Следующий возникающий вопрос: когда и где произошло слияние этих двух источников или составление нового свода.
Ответ можно найти в изложении 1239 г. Оно начинается с описания перевезения тела Юрия из Ростова, где оно было перво­начально погребено по распоряжению ростовского епископа, во Владимир; затем находим некролог Юрия, после чего летописатель в лирическом тоне выражает свой восторг по поводу того, что не все князья Ростово-Суздальского края погибли от руки татар, и перечисляет уцелевших князей Всеволодова дома, ставя на первое место Ярослава Всеволодовича. На этом весьма необычном лириче­ском перечислении и оканчивался свод 1239 г., сливший ростовское и владимирское летописания. Необычность окончания, видимо, позднее вызвала за­труднение у продолжателя, который, чтобы перейти к деловому повествованию, счел необходимым дать переходную фразу: перейдем от лирики к делу.
В своей работе сводчик 1239 г. как бы подводил итог прошлому и открывал новую страницу в истории своего народа - тяжелый период татарской неволи.
Работа эта была составлена в Ростове. В этом не может быть ни малейшего сомнения. В основу своей работы сводчик кладет рос­товский Летописец Константина и его сыновей, и только весьма ограниченно использует Владимирский свод Юрия. Изложение 1238 и 1239 гг. надо отнести к руке сводчика 1239 г.

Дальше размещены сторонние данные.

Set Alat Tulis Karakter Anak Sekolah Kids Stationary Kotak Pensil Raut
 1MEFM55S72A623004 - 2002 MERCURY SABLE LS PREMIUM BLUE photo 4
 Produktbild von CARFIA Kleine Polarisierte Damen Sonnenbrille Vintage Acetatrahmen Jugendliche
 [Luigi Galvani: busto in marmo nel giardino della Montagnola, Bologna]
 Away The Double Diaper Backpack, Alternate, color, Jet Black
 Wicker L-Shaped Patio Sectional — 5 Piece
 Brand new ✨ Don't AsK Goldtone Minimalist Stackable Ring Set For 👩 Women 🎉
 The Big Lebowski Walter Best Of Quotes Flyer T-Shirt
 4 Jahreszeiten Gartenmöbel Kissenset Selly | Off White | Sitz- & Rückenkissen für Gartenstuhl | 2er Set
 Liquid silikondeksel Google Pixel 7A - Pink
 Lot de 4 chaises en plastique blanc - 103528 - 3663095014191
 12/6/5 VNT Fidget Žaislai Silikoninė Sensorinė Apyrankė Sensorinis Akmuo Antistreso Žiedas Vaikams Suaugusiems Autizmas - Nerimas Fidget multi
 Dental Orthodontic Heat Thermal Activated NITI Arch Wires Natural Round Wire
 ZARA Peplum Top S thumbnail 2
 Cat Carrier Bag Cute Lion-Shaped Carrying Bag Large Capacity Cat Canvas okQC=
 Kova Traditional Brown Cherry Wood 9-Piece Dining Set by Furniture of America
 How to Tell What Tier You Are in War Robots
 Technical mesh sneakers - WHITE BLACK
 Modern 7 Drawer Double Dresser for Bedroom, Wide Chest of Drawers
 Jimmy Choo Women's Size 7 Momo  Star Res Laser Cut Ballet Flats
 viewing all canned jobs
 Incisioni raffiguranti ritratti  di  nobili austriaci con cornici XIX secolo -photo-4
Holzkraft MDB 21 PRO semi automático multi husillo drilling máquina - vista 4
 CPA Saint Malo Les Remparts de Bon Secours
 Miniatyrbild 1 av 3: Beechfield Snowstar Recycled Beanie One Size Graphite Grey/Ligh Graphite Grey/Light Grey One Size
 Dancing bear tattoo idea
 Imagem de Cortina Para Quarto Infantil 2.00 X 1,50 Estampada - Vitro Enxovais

Утверждение, что летописный свод 1239 г. был составлен в Ростове и ростовцем, может быть подкреплено тем, что в одном месте своей работы автор дал указание на себя лично, опре­делив себя как ростовца. Во всех случаях, когда сводчику 1239 г. нужно было выбирать между ростовским изложением и изложением владимирским, он без колебаний и компромиссов передавал ростов­скую версию. Но в одном случае он отступил от этого приема и дал слитный рассказ по обоим источникам: это в описании Батыева нашествия под 1237 г., которое читалось в обоих источни­ках свода 1239 г. как последнее известие.
Что читаемый теперь в Лаврентьевской летописи рассказ 1237 г. слит из двух источников, ясно уже из различных переходных фраз этого рассказа. Фразы эти чаще всего означают, что составитель, прекращая выписку из одного источника, переходит к выписке из другого источника. Сверх того, при внимательном чтений текста Лаврентьевской летописи под этим годом, мы видим еще одно обстоятельство, лишающее нас права отнести изложение 1237 г. к перу одного автора: герои этого рассказа умирают на глазах читателя по два раза, и это на пространстве нескольких строк.
Задача разделения слитого из двух источников рассказа Лавренть­евской летописи под 1237 г. на два его слагаемых необычайно, конеч­но облегчается тем, что литературная манера этих двух источников весьма между собой различна и легко улавливается. Ростовский пове­ствователь ведет свое изложение в известной по внелетописным лите­ратурным памятникам «агиографической» манере: все герои такого рода повествований любят произносить весьма длинные молитвенные речи, часто по нескольку раз подряд и все повествование должно быть проникнуто поучительным тоном. Наоборот, владимирский повествователь, как бы продолжая уже отмеченную нами манеру сводчика 1212 г. избегать излишней церковщины, ведет свой рассказ коротко, сухо, но деловито.
Свод 1239 г. был выполнен в Ростове и ростовцем, но для великого князя Владимирского Ярослава Всеволодовича. В этом легко убедиться. Статья 1238 г. довольно неожиданно и в напыщенном тоне сообщает о вступлении Ярослава на стол города Владимира как главное событие этого года; а в статье 1239 г., после описания погребения Юрия во Владимире по приказанию Ярослава и после некролога Юрия мы читаем тот подсчет уцелевших от татар князей, во главе с «благочестивым и правоверным» Ярославом и его семьей, о котором мы уже говорили выше.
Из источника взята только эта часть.